▶ _ACTIVITY_: This exercise calls for the records to be returned exactly, with images removed.

▶ _INPUT MATERIAL_:

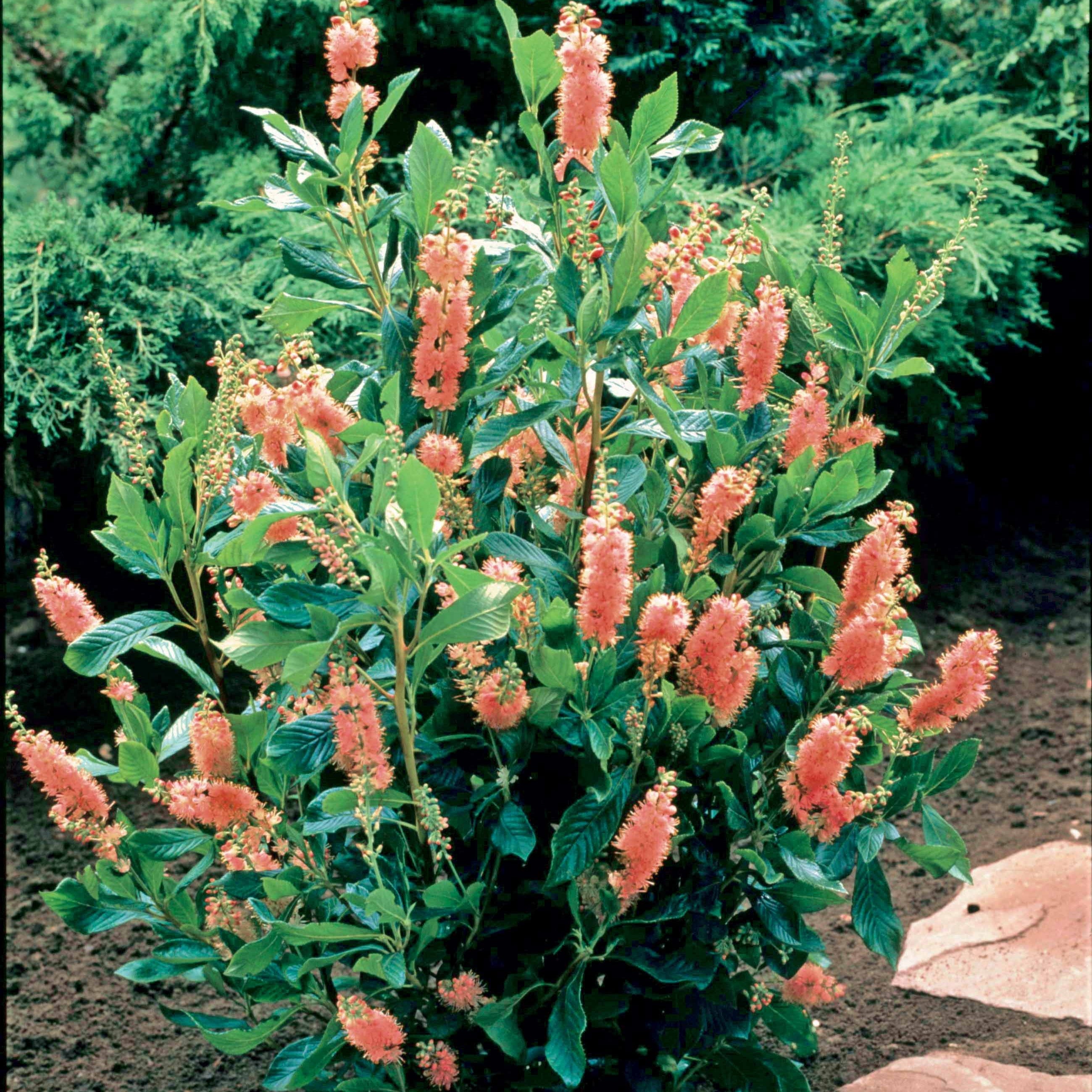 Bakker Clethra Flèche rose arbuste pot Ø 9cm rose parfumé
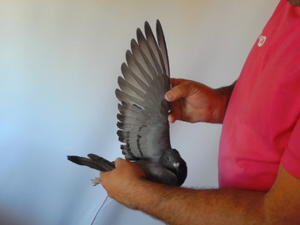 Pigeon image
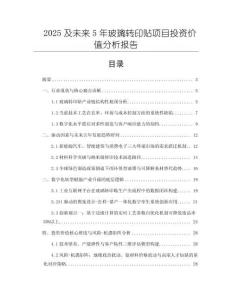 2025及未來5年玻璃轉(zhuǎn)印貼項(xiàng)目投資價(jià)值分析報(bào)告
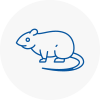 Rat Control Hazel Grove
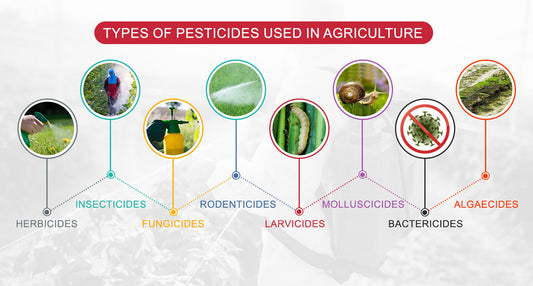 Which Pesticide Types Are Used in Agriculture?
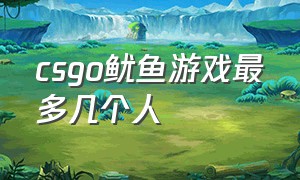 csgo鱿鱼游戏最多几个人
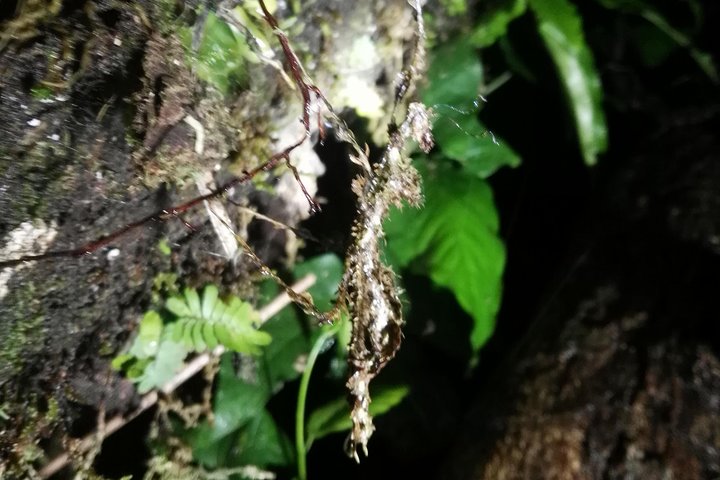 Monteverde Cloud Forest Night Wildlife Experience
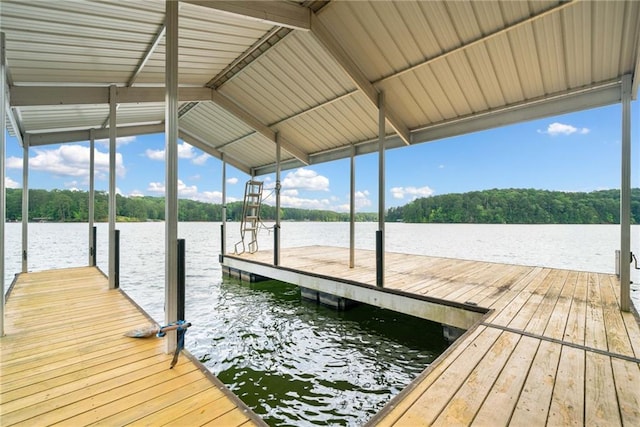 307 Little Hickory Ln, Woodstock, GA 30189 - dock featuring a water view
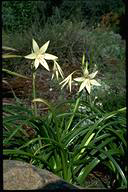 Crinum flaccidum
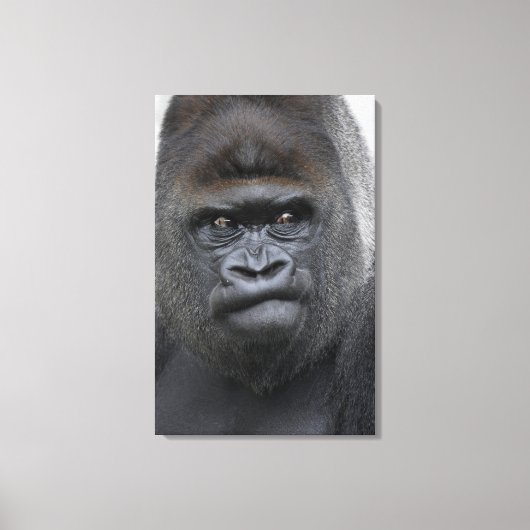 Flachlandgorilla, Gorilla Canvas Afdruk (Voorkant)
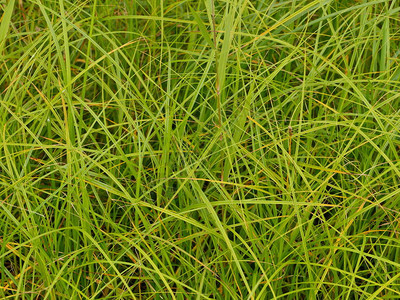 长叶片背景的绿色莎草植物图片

▶ _TASK OUTPUT_:
 Bakker Clethra Flèche rose arbuste pot Ø 9cm rose parfumé
 Pigeon image
 2025及未來5年玻璃轉(zhuǎn)印貼項(xiàng)目投資價(jià)值分析報(bào)告
 Rat Control Hazel Grove
 Which Pesticide Types Are Used in Agriculture?
 csgo鱿鱼游戏最多几个人
 Monteverde Cloud Forest Night Wildlife Experience
 307 Little Hickory Ln, Woodstock, GA 30189 - dock featuring a water view
 Crinum flaccidum
 Flachlandgorilla, Gorilla Canvas Afdruk (Voorkant)
 长叶片背景的绿色莎草植物图片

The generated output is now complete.